LinkedIn is a great platform for connecting with current and potential employees. As an employer, sharing company updates, news, and content on your LinkedIn page is a simple yet impactful way to engage your existing workforce. However, your employees will only see your LinkedIn posts if they actively follow your company page. Therefore, to maximize views and engagement from employees, it’s important to have a system in place to notify them when you publish new LinkedIn posts. There are a few easy ways to do this consistently and efficiently.
Email Notifications
One of the most direct ways to notify employees of new LinkedIn posts is by email. Each time you publish an update, you can easily send an email blast to your entire company email list announcing the new post and providing a link to it.
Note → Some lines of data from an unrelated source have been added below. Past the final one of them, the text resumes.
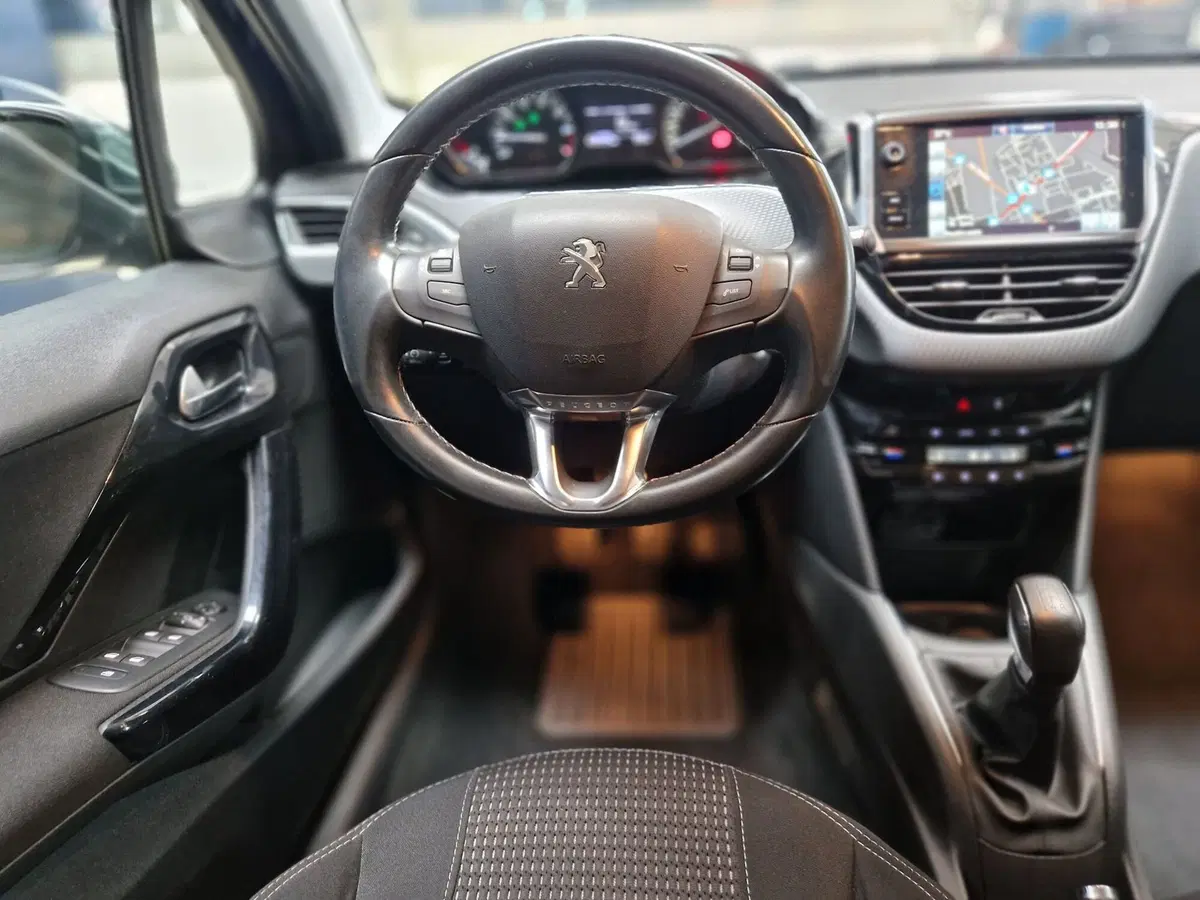 Peugeot 208 usata a Varese (16)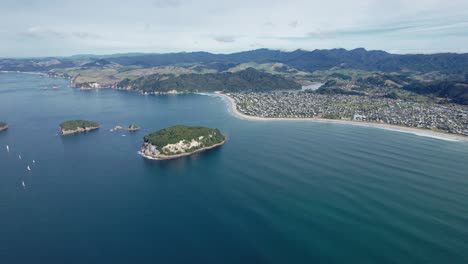 Hauturu-Island-Und-Maukaha-Rocks-In-Der-Nähe-Der-Stadt-Whangamata-In-Waikato,-Nordinsel,-Neuseeland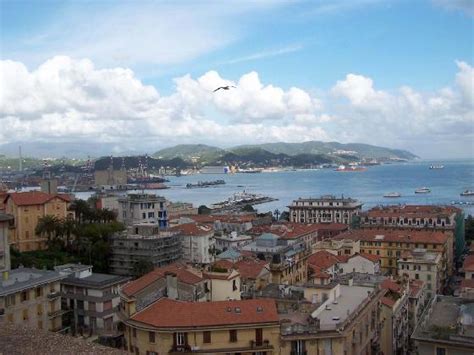 La spezia is one of the most famous seaside resorts in liguria. Provincia di La Spezia, virtuosa del Patto dei Sindaci ...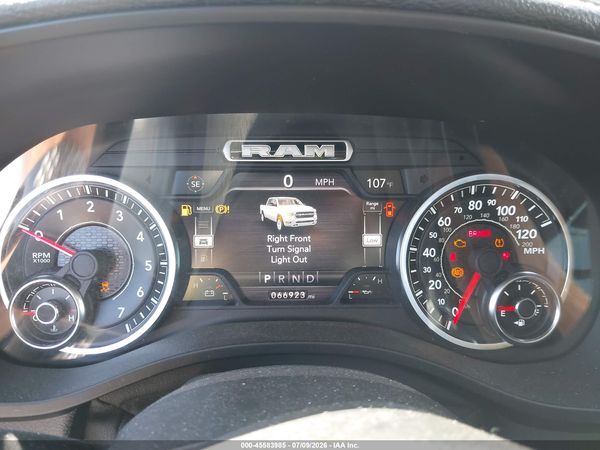 2020 RAM 1500 LARAMIE  4X4 5'7 BOX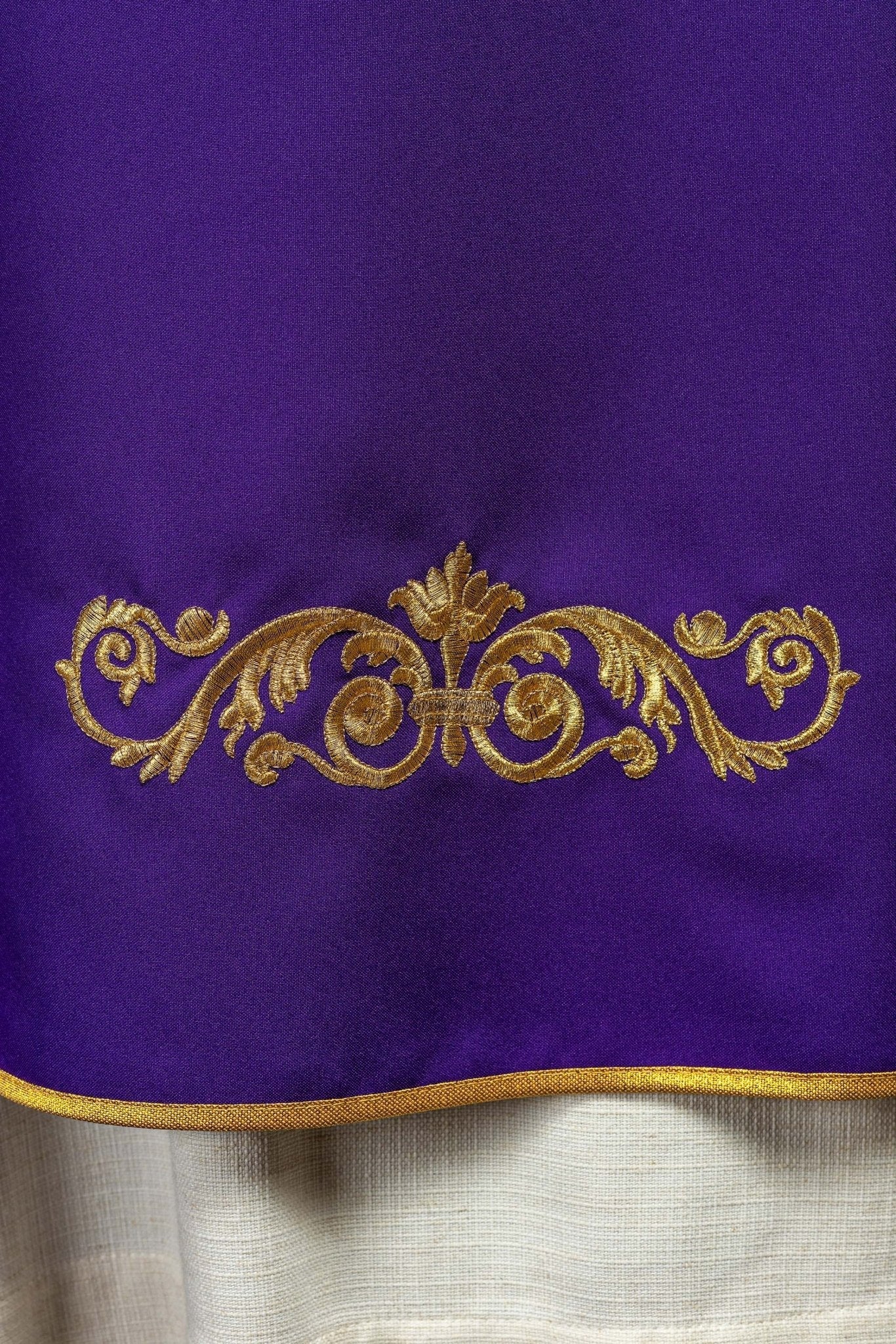 Purple chasuble with IHS embroidery - Image 7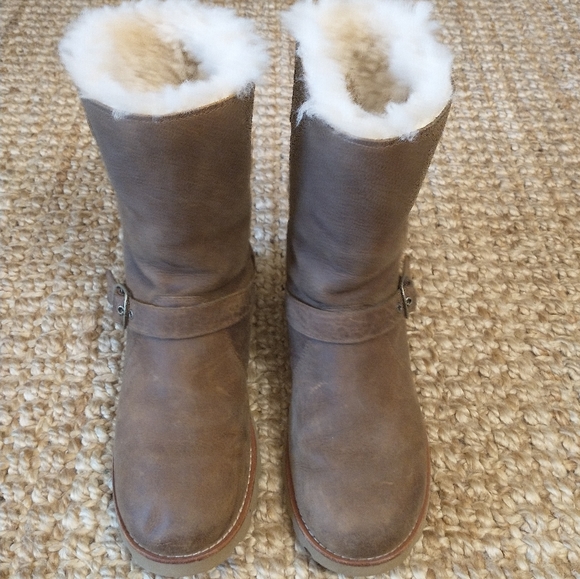 UGG Boots - Picture 3 of 7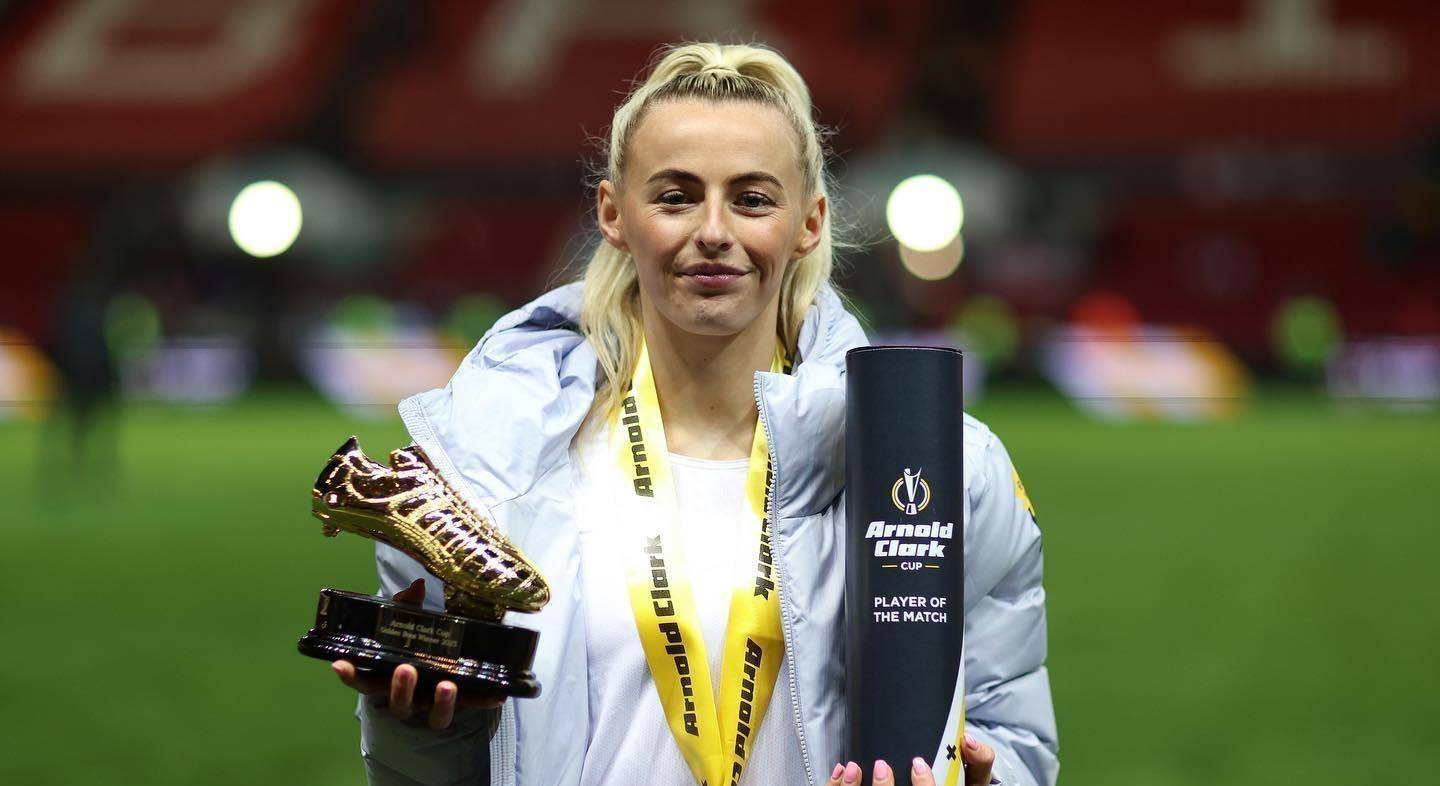 包含英格兰女足队员展现出色技巧，获得冠军的词条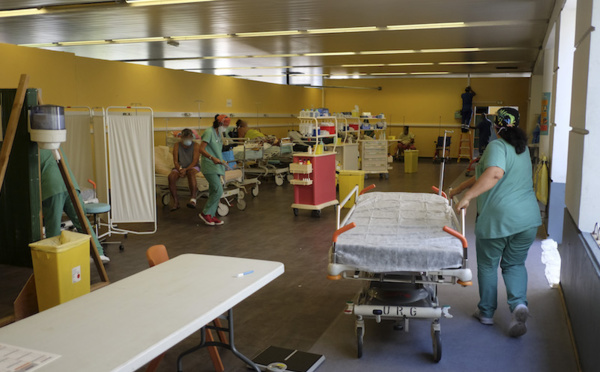 L'épidémie de Covid continue de décroître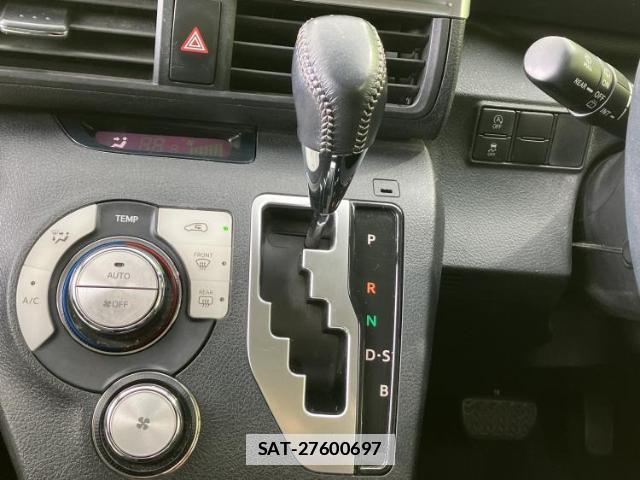Toyota SIENTA 2015-11 7822097-17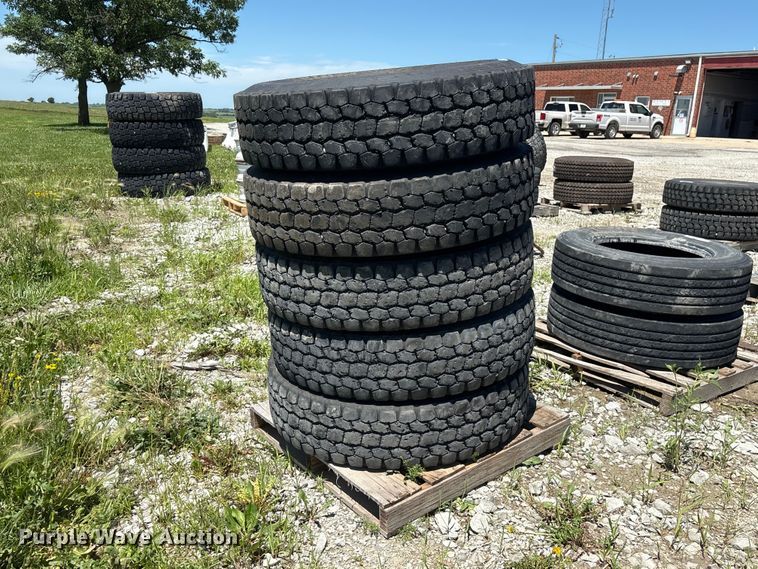 (5) Bridgestone M799 11R22.5 tires - EI5884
Here are some tips for effectively emailing employees about LinkedIn posts:
– Create a specific contact list or mailing list of all active company emails. This ensures you quickly reach your entire internal audience.
– Write a short, catchy email subject line that will entice opens like “Our Latest Company Update on LinkedIn”
– Keep the body of the email brief as well, providing just a 1-2 sentence summary of the post topic and a call to action to view the full post.
– You may also want to highlight key information covered in the post to catch interest.
– Include a prominent hyperlink to the LinkedIn update so readers can immediately click through to your page.
– Consider adding an eye-catching image thumbnail representing the post graphic to make the message more visual.
– Use an email scheduling or marketing platform to automate sending email blasts when you publish so it’s one less manual step.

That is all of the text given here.